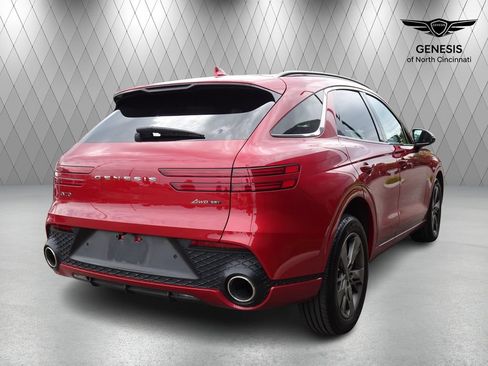 Used 2025 Genesis GV70 3.5T Sport AWD/4WD image 6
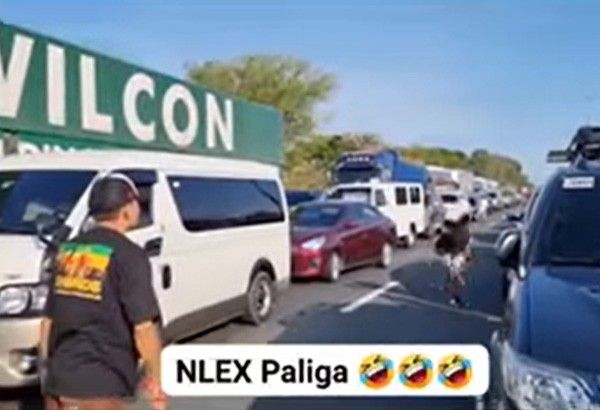 ‘playing-badminton-in-nlex-is-prohibited’:-advisory-released-after-2-men-go-viral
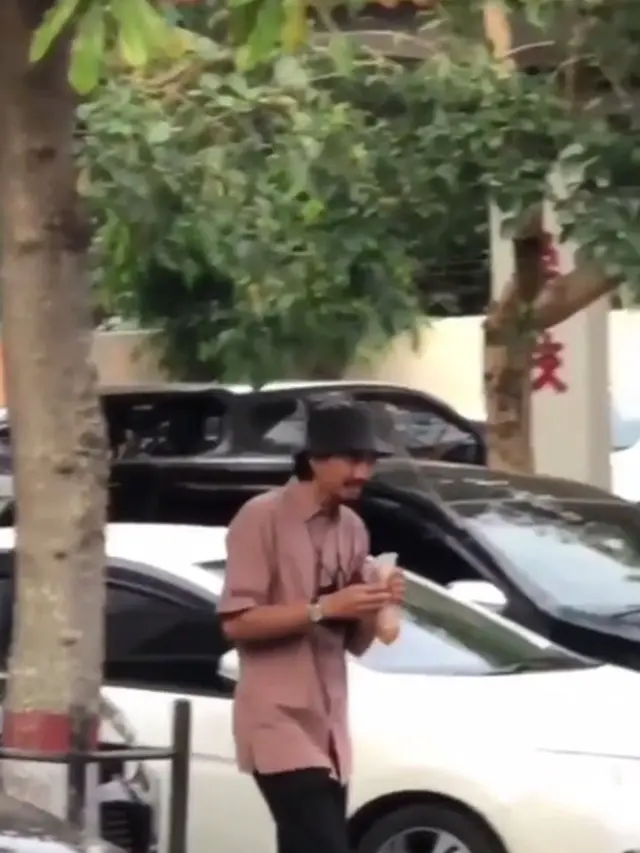 Viral Duta Sheila On 7 Jajan Cilok di Pinggir Jalan, Ini 6 Potretnya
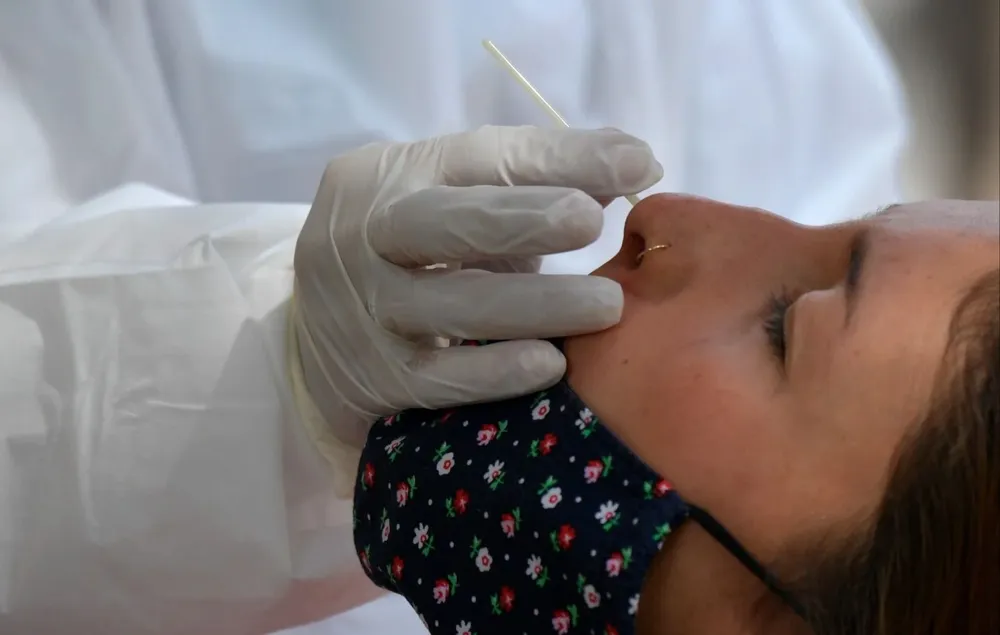 El hisopado se utiliza para detectar si una persona tiene coronavirus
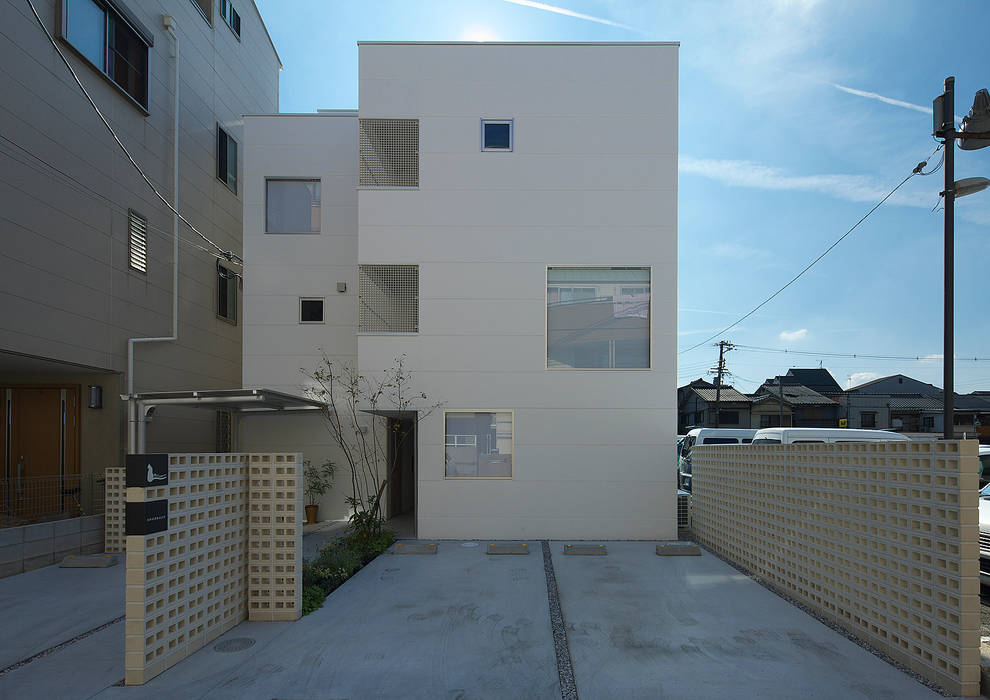 西田辺の家・ネコと夫婦の家, 大野アトリエ 大野アトリエ Casas estilo moderno: ideas, arquitectura e imágenes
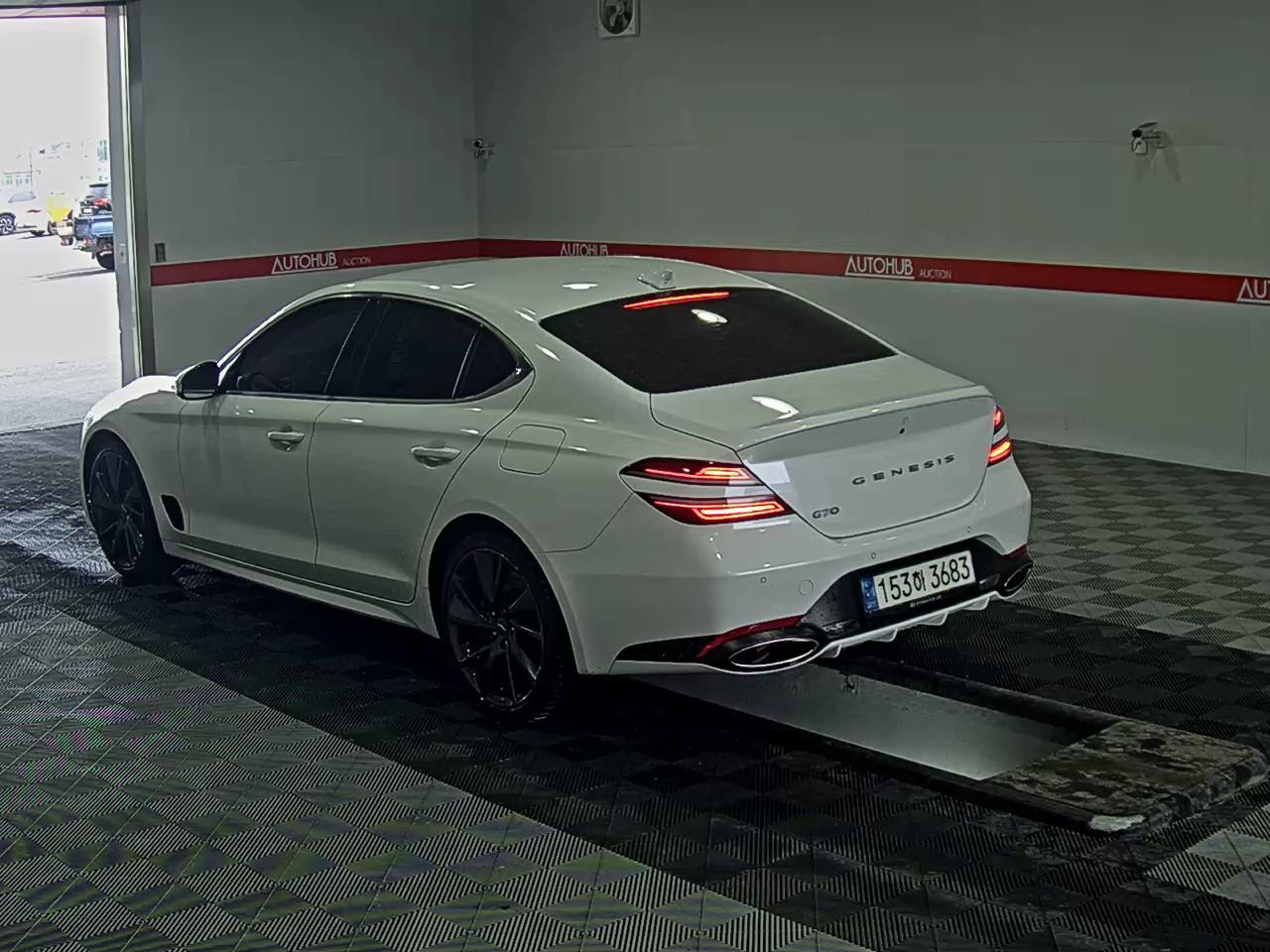 Hyundai Genesis 2021 - Image 5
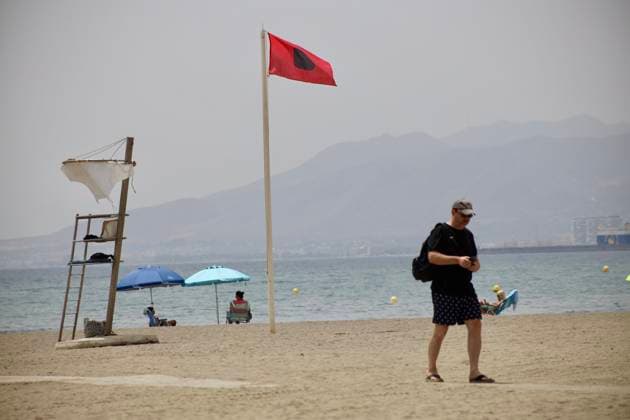 Two beaches in Málaga closed to swimming due to the presence of E. coli bacteria. Photo of Pedregalejo Beach in Málaga, closed to swimming after E. coli bacteria were detected in its waters. July 23, 2026, in Málaga, Andalusia, Spain. On Thursday, the Málaga City Council temporarily closed the beaches of Pedregalejo and El Palo, in the Eastern District, after receiving a notice from the Andalusian Regional Government’s Department of Health recommending preventive measures following the detection of E. coli bacteria in water samples, specifically in the vicinity of the sampling points known as Acacias and Casa Pedro, respectively. July 23, 2026, Málaga, Andalusia, Spain Málaga, Andalusia, Spain Spain  Copyright: xÃlexxZeax 7683047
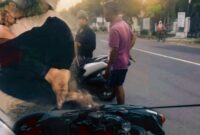 Diduga tesangkut kabel Telkom, pengendara terjatuh di jalan raya Rengel Tuban, (Assayid Annazili/Liputansatu.id).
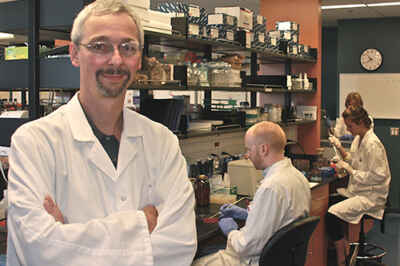 Prof Searches for Clues to Antibacterial Resistance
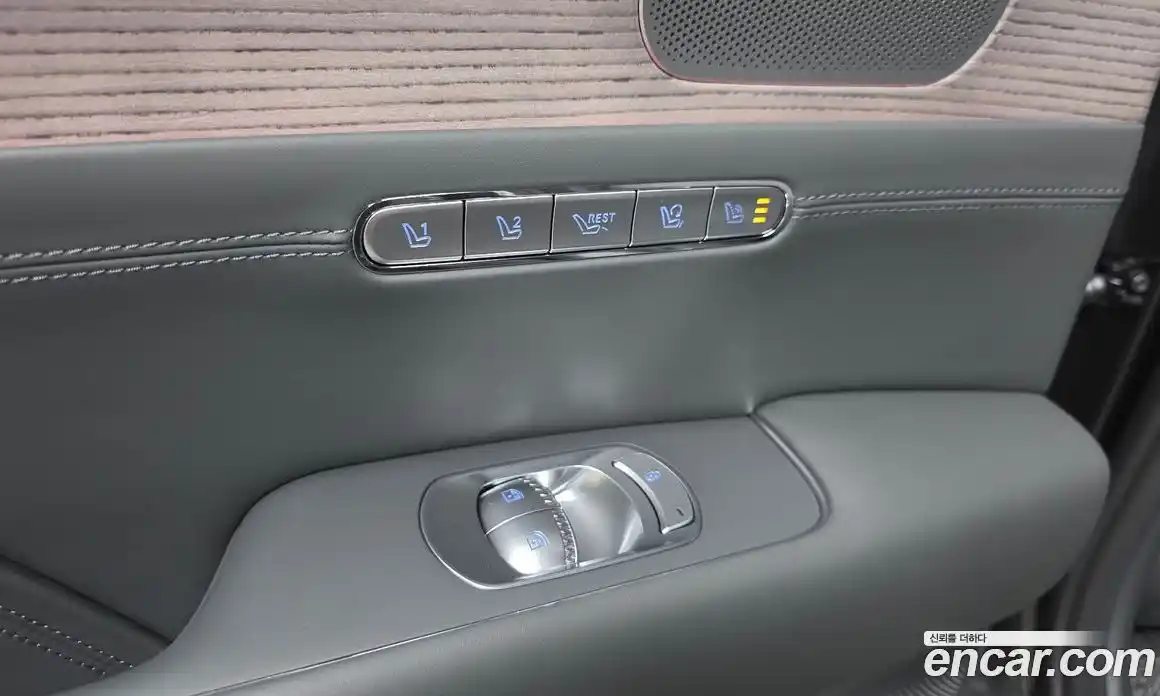 Genesis G90 2025 3.5 гидро в Москве № 2125429, фото 35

+++++

What you give back must match the lines from the start of the records through the line that contains "Hyundai Genesis 2021 - Image 5", exactly, with the pictures left out.

 Used 2025 Genesis GV70 3.5T Sport AWD/4WD image 6
 ‘playing-badminton-in-nlex-is-prohibited’:-advisory-released-after-2-men-go-viral
 Viral Duta Sheila On 7 Jajan Cilok di Pinggir Jalan, Ini 6 Potretnya
 El hisopado se utiliza para detectar si una persona tiene coronavirus
 西田辺の家・ネコと夫婦の家, 大野アトリエ 大野アトリエ Casas estilo moderno: ideas, arquitectura e imágenes
 Hyundai Genesis 2021 - Image 5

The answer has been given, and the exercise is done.